Hendricks v. Henderson

38 Ga. App. 298 | Ga. Ct. App. | 1928

Bell, J.

S. B. Henderson brought a trover suit against E. F. Hendricks and B. E. Hendricks for the recovery of certain farm implements as follows: a tobacco transplanter, a hay-rake, a mower, and a hay-press. The plaintiff elected to take a money verdict and the jury found in his favor for $200. The defendants moved for a new trial, which the court refused, and they excepted.

The plaintiff claimed to have acquired the property from Mrs. E. A. Hendricks in purchasing or trading for a certain farm and the implements thereon on March 17, 1926. This transaction occurred in Miami, Florida, and in the negotiations Mrs. Hendricks was represented by her husband, Mr. E. A. Hendricks. Besides the conveyance of the real estate by deed, the parties entered into a separate written agreement embodying certain collateral matters and containing the following provision: “The first parties, in addition to the sale of the real estate and all improvements thereon, likewise sell and convey three head of mules now in possession of L. P. Cannon, the foreman of said farm, which said three mules are known by said Cannon and others to be worked on and belong to this farm, also all the stock cattle, milk cows, etc., on said farm; also all the farming implements, gear, wagons, tools, one Ford automobile truck, hoes, plows, axes, etc.” The plaintiff’s contention was that at the time of the transaction referred to the four articles in question were located upon the farm as a part of its equipment and were conveyed to the plaintiff therewith. The plaintiff made no previous examination of the property,' and claims to have relied upon the representations of Mr. Hendricks (E. A.) as to what articles of personalty were situated on the farm and would pass therewith. The defendants, E. E. Hendricks and B. E. Hendricks, were sons of Mr. and Mrs. E. A. Hendricks, and resided in Georgia, near the plantation referred to, while their parents were residents of Miami. The plaintiff attempted to show that the defendants converted the property by removing it from the farm soon after *300the sale or trade between him and their mother. The defendants contended that the property in controversy was not the property of Mrs. Hendricks but was the property of her husband, and that it was expressly excepted from the transaction in respect of the farm. The defendants denied also that they had committed any conversion of the property; and this was one of the issues for the jury.

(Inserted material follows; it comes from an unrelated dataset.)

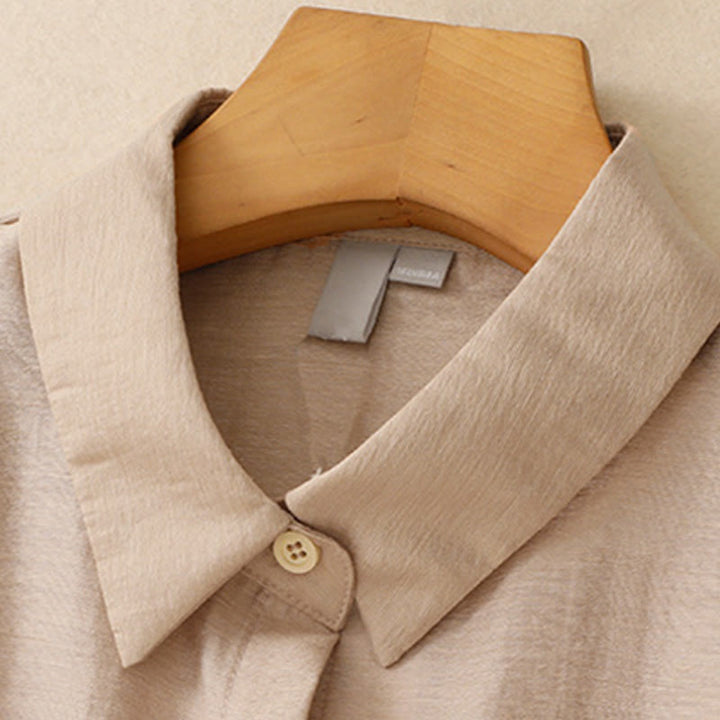 Buddha Stones 2Pcs Short Sleeve Shirt 7-8 Length Skirt With Pockets Cotton Linen Women's Set - image 17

From a careful examination of the evidence, we have concluded that the verdict was wholly unauthorized as to the defendant B. E. Hendricks, in that there is nothing whatever to show that this defendant exercised any dominion or control over, or intermeddled or interfered with, any of the property at any time, or that it was ever in his possession. See Haas v. Godby, 33 Ga. App. 218 (125 S. E. 897). In a case of this sort a verdict which is joint against both defendants must stand or fall in its entirety. It follows that the judgment refusing a new trial must be reversed as to both defendants. Finley v. So. Ry. Co., 5 Ga. App. 722 (3) (64 S. E, 312); Gilstrap v. Leith, 24 Ga. App. 720 (102 S. E. 169).

The court charged the jury as follows: “Understand that the plaintiff has elected to take a money verdict, and that would entitle him, under the law, to a verdict for the highest amount that he can prove the value of the property to be between the date of the conversion and the trial of the case.” Standing alone, this charge would seem to be erroneous, in that it amounted to a statement that the plaintiff’s mere election to accept a money verdict entitled him to recover. Whether any such possible error was cured by the general charge, the learned trial judge will no doubt exercise caution to avoid error in this connection at the next trial. We make the same observation with reference to the charge in which the court referred to the “conduct” of the defendant. We have examined all grounds of the motion for a new trial, and, except as above indicated, each of them is without merit.

Judgment reversed.

Jenlcins, P. J., and Stephens, J., concur.